I think maybe my original statement should have been that the explorer can’t be said to have failed unless he or she doesn’t return at all, or does return but with no information as to the findings.

Scott failed in that he did not become the first to reach the South Pole, and–more significantly–he did not survive the trip back.

His heroism in making the effort was so lauded in Great Britain that Admunsen is said to have complained that millions of English school boys thought that Scott was the first man to reach the South Pole. He did, in any case reach it, or come as close as Admunsen did; a photograph was taken of his party at Admunsen’s encampment.

I have been told that the notes he took during his last days were severely redacted before publication. For decades people read of how Scott and his companions faced up to their inevitable doom with the traditional British stiff upper lip, nobly sacrificing themselves for one another’s comfort. More recently the unedited notes have been available. In fact, they appear to have done a fair amount of whining and bickering–not that I know that I would blame them.

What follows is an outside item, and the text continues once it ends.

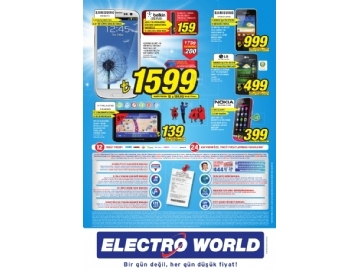 Electro World - 8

Admunsen and his plane were eventually found after his failed attempt to rescue Nobile. It appeared that his plane had flipped over during a landing attempt. It is said that Admunsen was found frozen in a sitting position, having died while reading a book.

A favorite story about Nobile’s disastrous second dirigible trip:

During a windstorm, the airship struck the icecap, severing the cabin from the balloon. A few members of the party clung to the balloon and were carried many miles. These men died in an attempt to walk to land.

Nobile and the rest of the party stayed where the cabin landed and built an encampment, including the famous “red tent”. Their first thought was to radio for help, but it was found that the radio had been damaged in the crash. Specifically, a condenser had broken.

After a few days, a crew member who did not have radio expertise asked just what a “condenser” was, anyway. After he was told, someone tried, in effect, drawing a condenser on a piece of note paper. It was attached to the radio and worked, albeit weakly. They were then able to send out a distress signal, which was eventually picked up by a young radio amateur in the Soviet Union.

This is not the occult mystery it might seem. The broken condenser had been a tube of powdered carbon. Graphite is an allotrope of carbon; by rubbing a line of pencil lead on the paper, a substitute condenser was made.

It is said that Nobile had, incidentally, nearly crashed his airship during his first trip as well. While over the pole he had tried releasing an Italian flag, and it became fouled in a propellor.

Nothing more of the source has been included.